§ **Given data**:
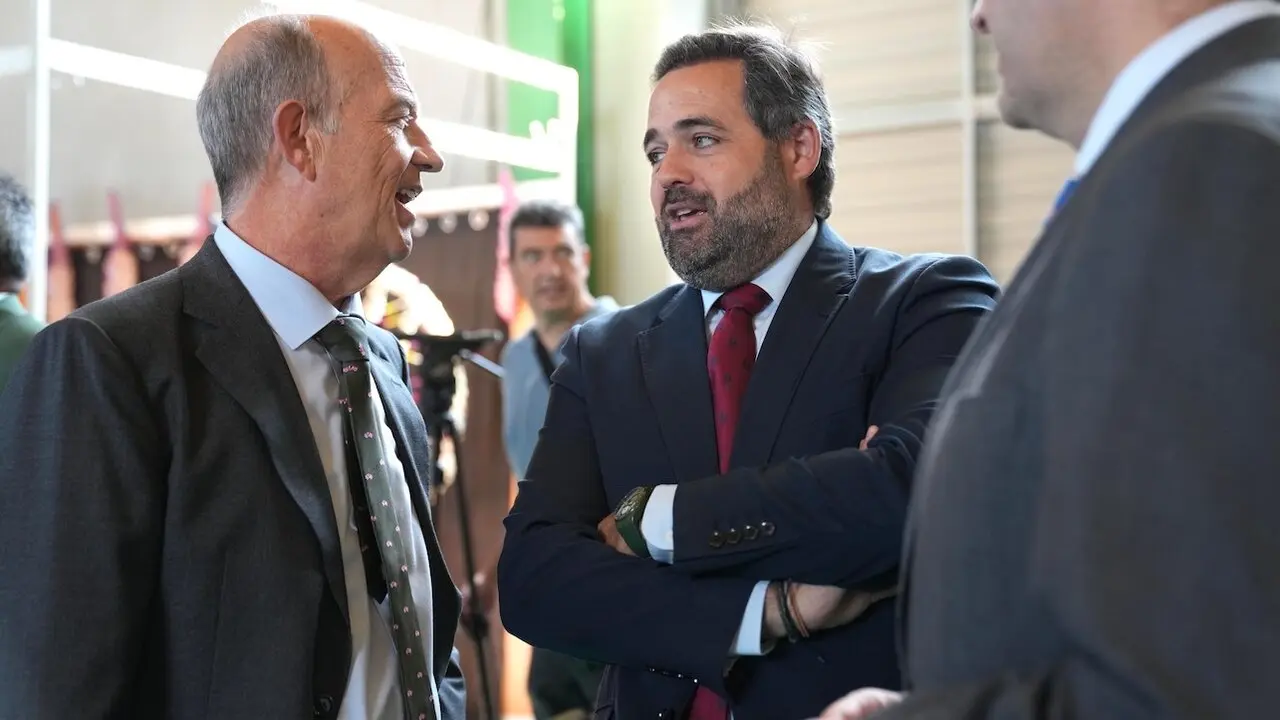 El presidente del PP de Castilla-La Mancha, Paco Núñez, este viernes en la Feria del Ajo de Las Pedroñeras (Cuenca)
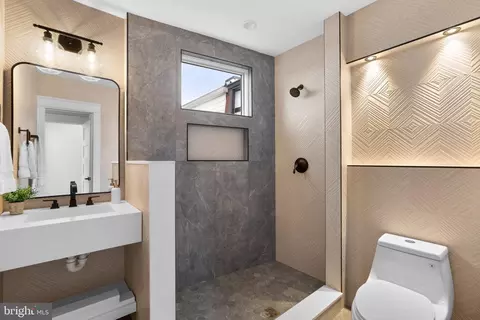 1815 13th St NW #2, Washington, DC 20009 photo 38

--

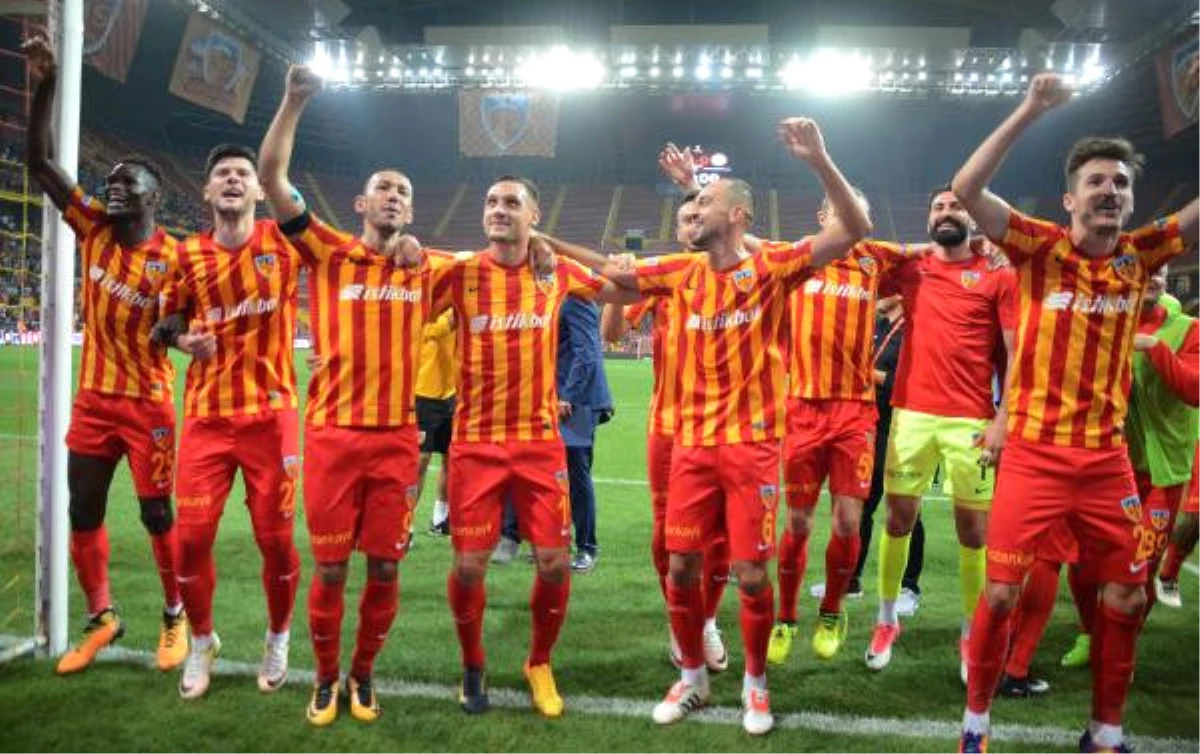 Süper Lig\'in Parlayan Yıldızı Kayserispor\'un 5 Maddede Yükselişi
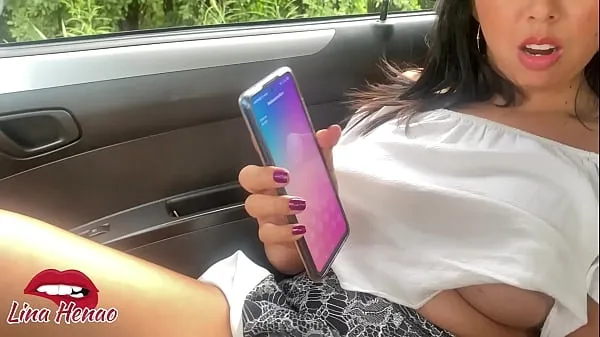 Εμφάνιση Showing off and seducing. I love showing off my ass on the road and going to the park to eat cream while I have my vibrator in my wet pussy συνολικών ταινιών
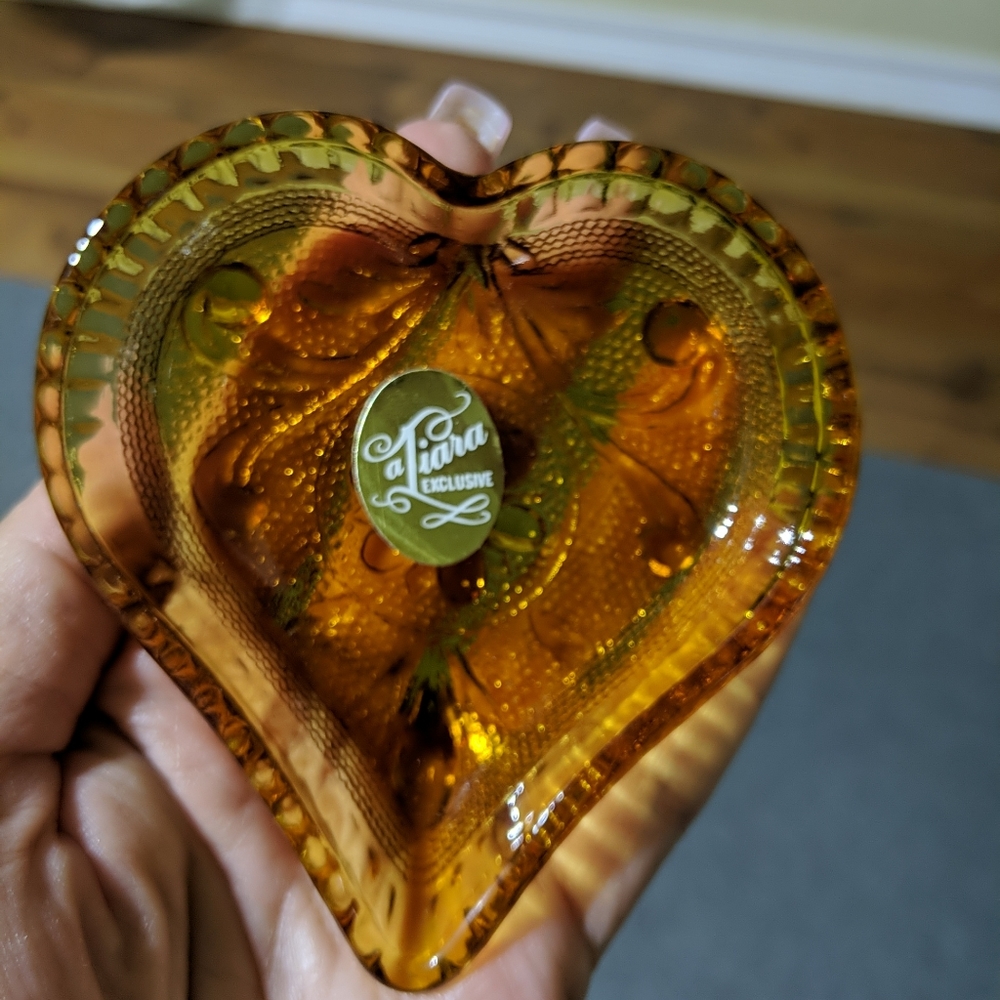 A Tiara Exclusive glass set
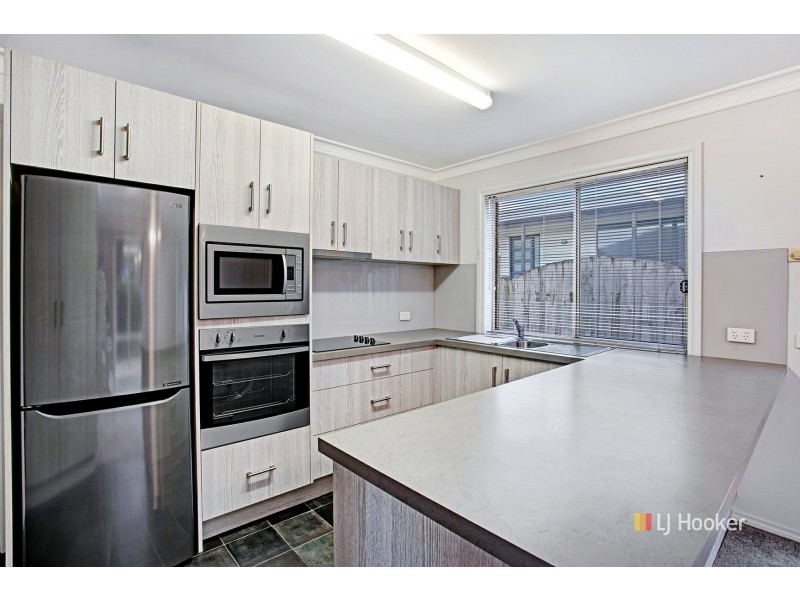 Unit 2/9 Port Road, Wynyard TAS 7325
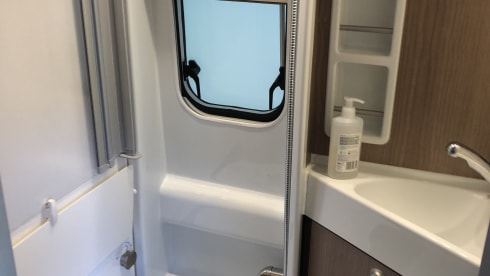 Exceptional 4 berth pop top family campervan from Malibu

...

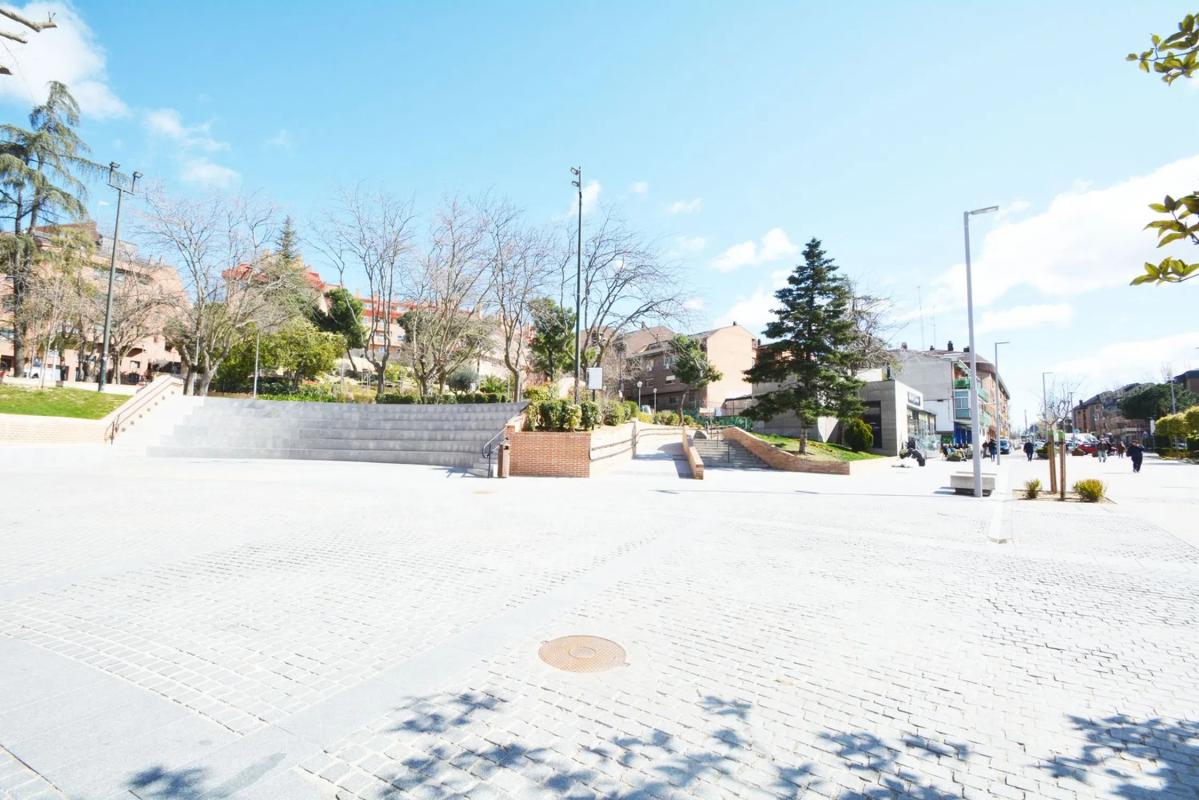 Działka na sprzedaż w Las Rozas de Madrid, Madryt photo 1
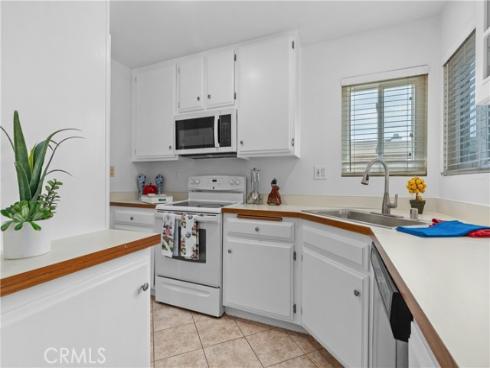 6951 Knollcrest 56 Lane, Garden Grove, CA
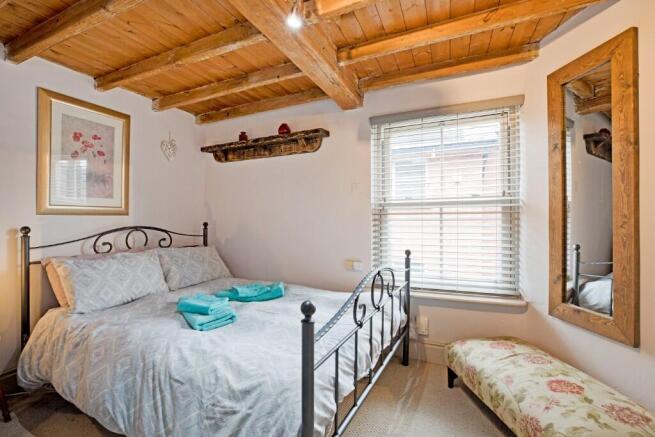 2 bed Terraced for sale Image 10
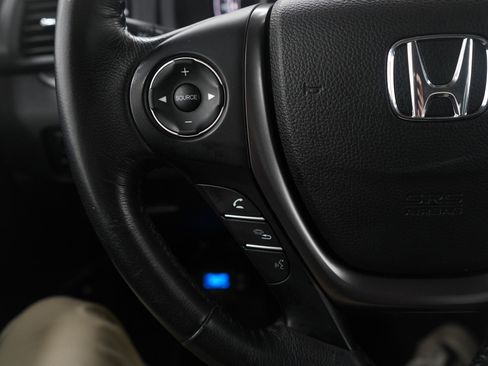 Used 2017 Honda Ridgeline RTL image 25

§ **Exercise details**: Copy only this from above: the line containing "Unit 2/9 Port Road, Wynyard TAS 7325", the line containing "Exceptional 4 berth", and all lines between, printed exactly. Leave out the pictures.

§ **Written response**:
 Unit 2/9 Port Road, Wynyard TAS 7325
 Exceptional 4 berth pop top family campervan from Malibu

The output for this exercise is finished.